To do: The expected output is an exact copy of each line from the line with "Welcome to Analog" through the end of the data below, with no pictures in it.

Information provided:
..............................

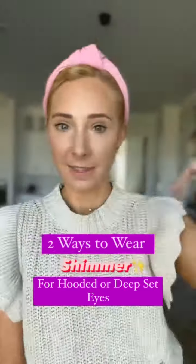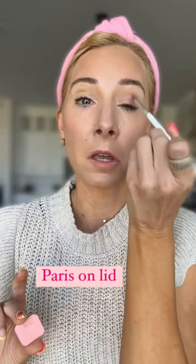Hooded or deep-set eyes and want to wear a shimmer? No problem — here are two ways that you absolutely can. I'm going to start with a flat brush and the color Paris from Saint. I'm going to put it all over my lid and a little above to create lift and openness to my eye.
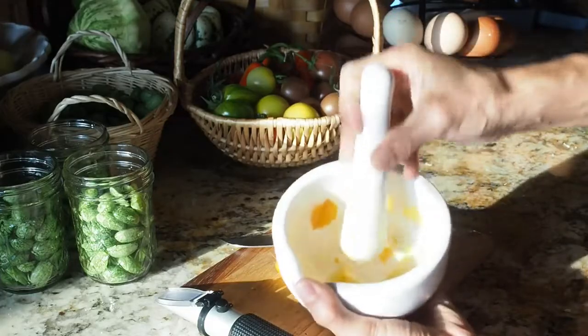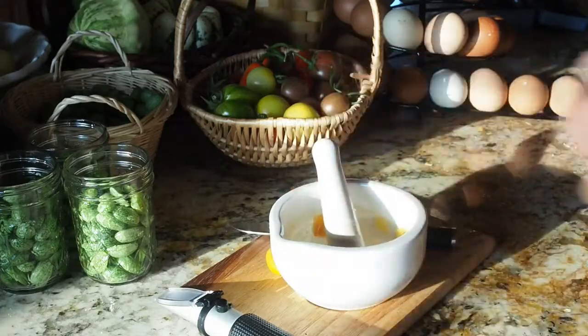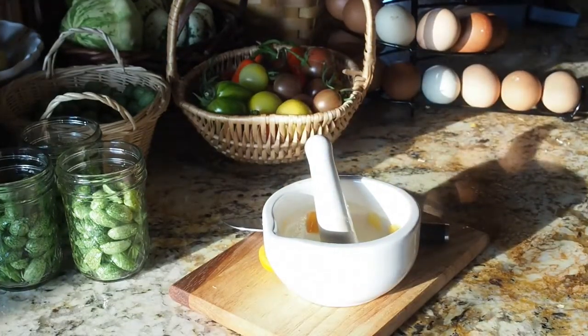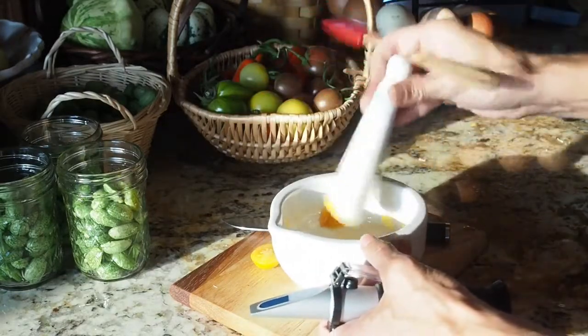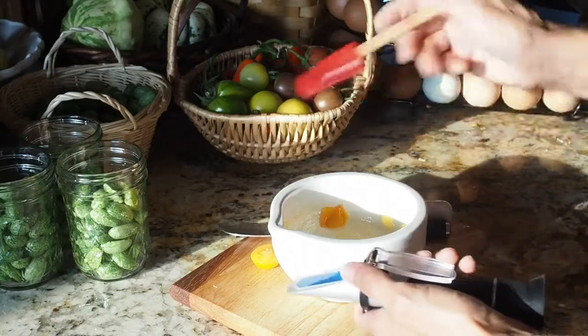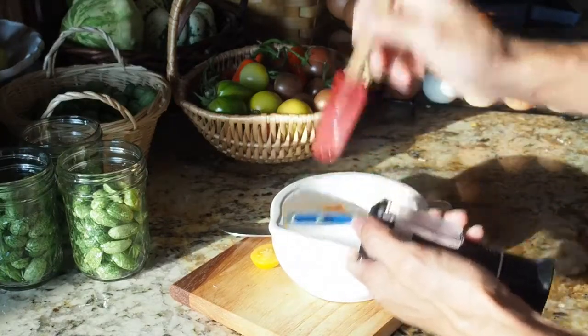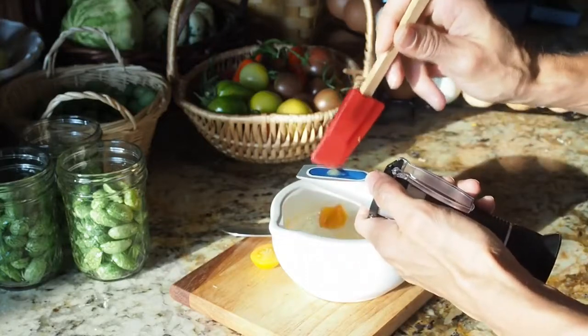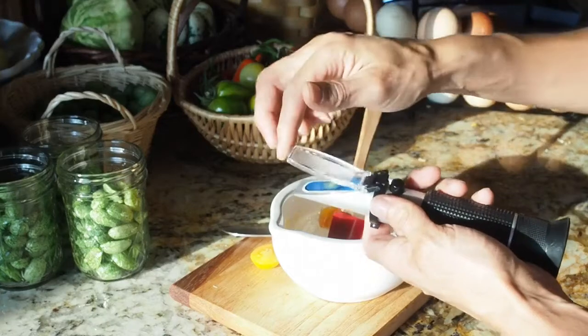I think we have enough juice there to do the test. I'm just going to use a small spatula to try and get a little bit of the juice — you just need a couple drops. And then you flip this down.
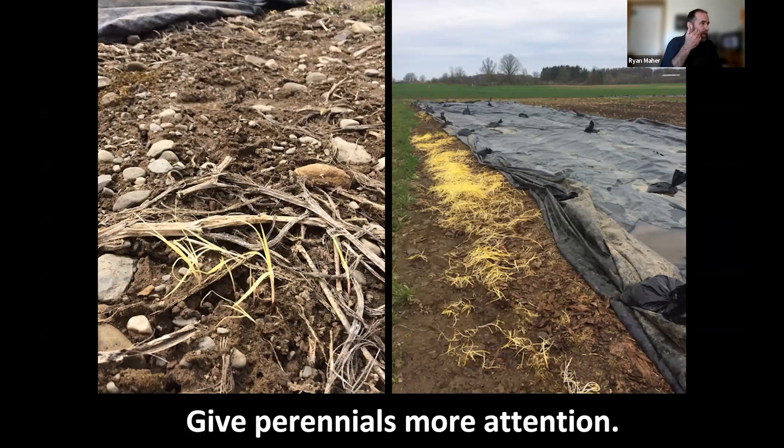Hannah mentioned thistle. We don't have thistle but we have yellow nutsedge and quack grass on the edges of our trial. We didn't start our trial in a field that had bad quack grass and nutsedge problems. I think if you have perennial weeds in a field, I would lean toward designing strategies to really get a hold of those perennial weeds before going in a no-till direction. The best way to control these is basically to weaken them as Hannah described, then hoe them out and keep them from becoming bigger problems.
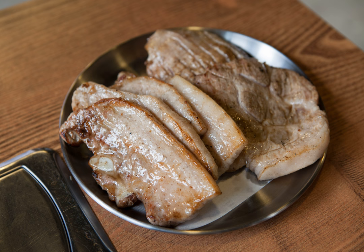Directly translated from Korean, Samgyeopsal means three-layer flesh, referring to striations of lean meat and fat in the pork belly that appear as three layers when cut. In Korea, the word Samgyeopsal, meaning pork belly, often refers to Samgyeopsal-gui, grilled pork belly, in the same way that the word Galbi, meaning ribs, often refers to Galbi-gui, grilled beef ribs. Gui refers to roasted, baked, or grilled dishes.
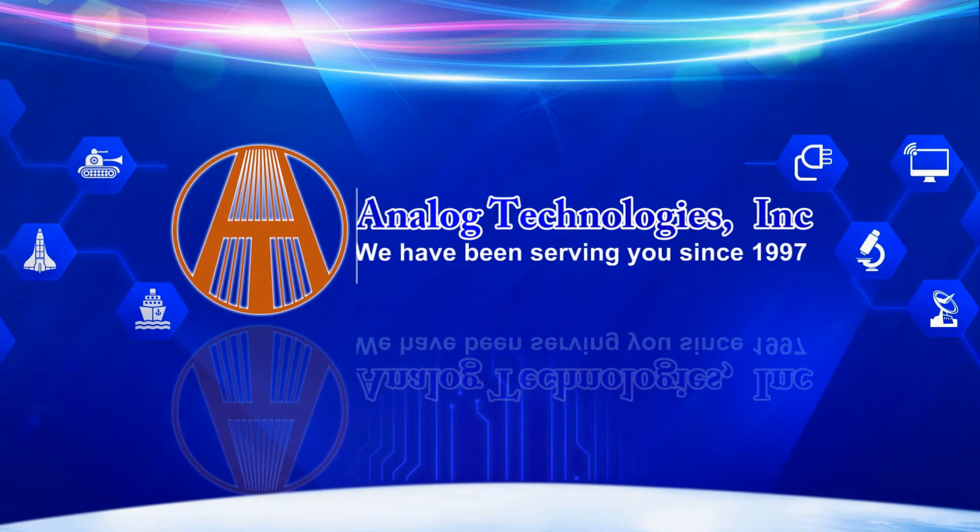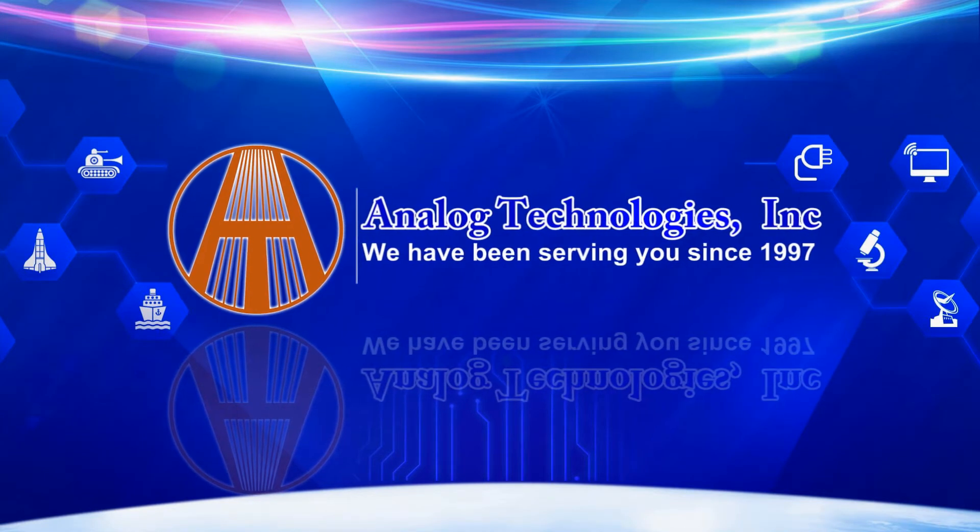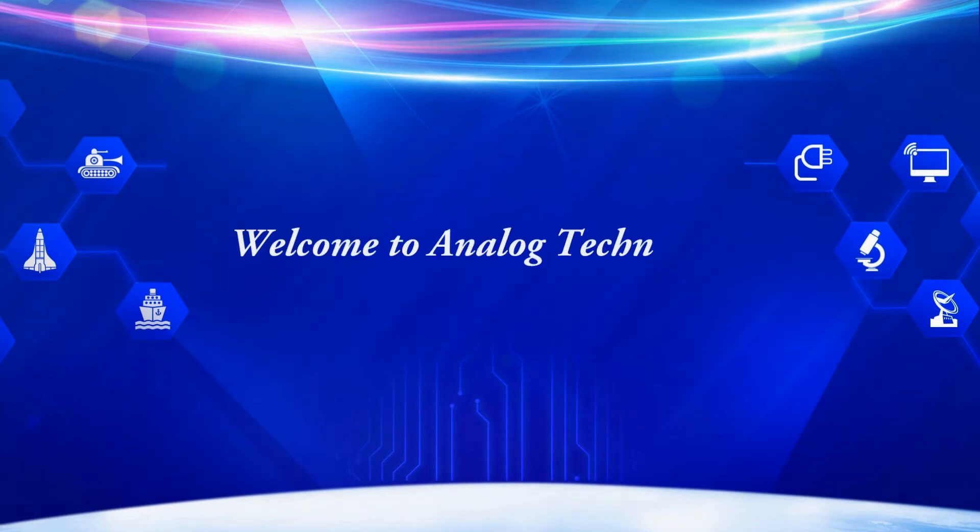Welcome to Analog Technologies. We have been serving you since 1997. Hello everyone. We are Analog Technologies and our main products include laser drivers, TEC controllers, TEC modules, high voltage power supplies, SMT and SMD component kits, thermistors, etc.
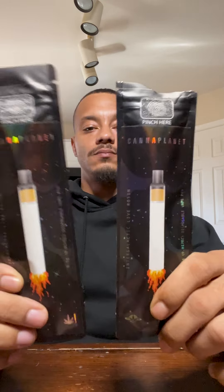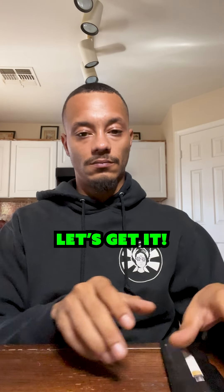What's good everybody, welcome to another edition of the Gas Pass Speed Review. This time I got two disposables from Kettleplanet, so let's get it.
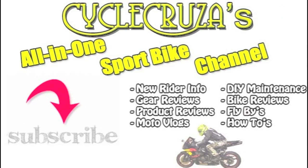CBR600 Dumball. You're watching a video from Cycle Cruiser's all-in-one sport bike channel.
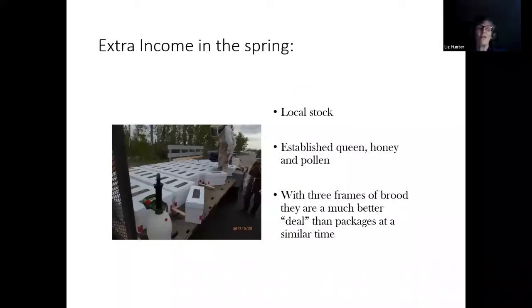So you've got some extra income. These are nucs we sold — looks like end of May, first part of June, we took these up north and sold them. We promise four-frame nucs with three frames of brood — we feel they're a much better deal than a package for a lot of reasons.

..............................

Written solution:
Welcome to Analog Technologies. We have been serving you since 1997. Hello everyone. We are Analog Technologies and our main products include laser drivers, TEC controllers, TEC modules, high voltage power supplies, SMT and SMD component kits, thermistors, etc.
What's good everybody, welcome to another edition of the Gas Pass Speed Review. This time I got two disposables from Kettleplanet, so let's get it.
CBR600 Dumball. You're watching a video from Cycle Cruiser's all-in-one sport bike channel.
So you've got some extra income. These are nucs we sold — looks like end of May, first part of June, we took these up north and sold them. We promise four-frame nucs with three frames of brood — we feel they're a much better deal than a package for a lot of reasons.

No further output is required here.